O impulso para a dominação nasce do medo da perda do próprio "Eu". Temor que se desnuda em qualquer situação em que o sujeito se vê ameaçado ante o desconhecido.
É nessa perspectiva que 'mito' e 'ciência' (ou 'razão') possuem gênese comum. Pois, ambos querem controlar as forças desconhecidas da natureza; desejam equilibrar a multiplicidade incontrolada do 'sensível'.
O mito, no caso, tem o seu peculiar procedimento: é o "sacerdote" da "tribo" que mimetiza gestos de cólera ou de pacificação frente às potências naturais.
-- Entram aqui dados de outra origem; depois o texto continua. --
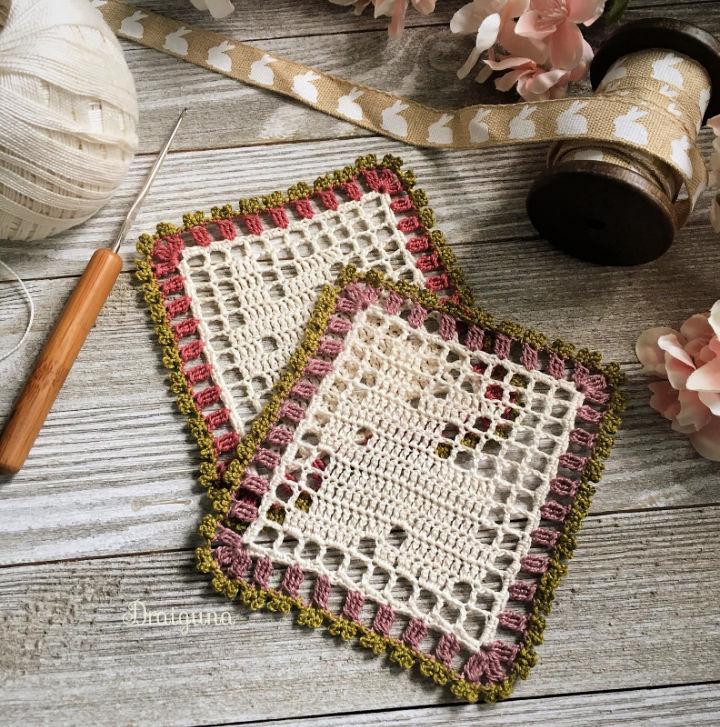 Pretty Crochet Spring Bunny Doily Coaster Pattern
Quando da existência única dos mitos, havia um 'diálogo' comunicativo entre a natureza e os homens, que se permitiam estar assustados por forças ignoradas.
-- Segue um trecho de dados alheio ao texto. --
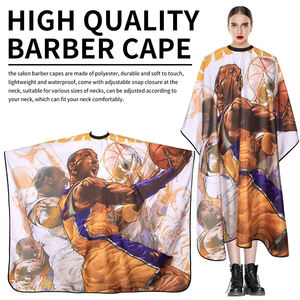 Cape de coiffure professionnelle Kobe Bryant Lakers, design basketball, résistante à l'eau, confortable, taille ajustable, en polyester - Product Image 2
A ciência, todavia, transformou toda a natureza em um formidável juízo de valores analíticos, compelindo-a à adoção da linguagem do número. Formalizou a 'potência' natural, limitando-a ao terreno da matemática.
Essa ciência, a do "iluminismo", pretendendo desmistificar a natureza, retirar-lhe o encantamento, isolá-la do "feitiço"; o fez pelo recurso da razão que, a um só tempo, explica e domina os fenômenos naturais.
Por tal processo, a ciência "iluminista" alcançou o resultado de um contra-golpe: a vitória da desventura.
Ora, o mito desejava captar a origem, cabendo ao 'rito' o controle da manifestação dessa origem.
Abolido o mito e a magia, em seu lugar instalou-se a 'racionalidade', sempre de caráter ambíguo, porque "iluminadora" mas "controladora".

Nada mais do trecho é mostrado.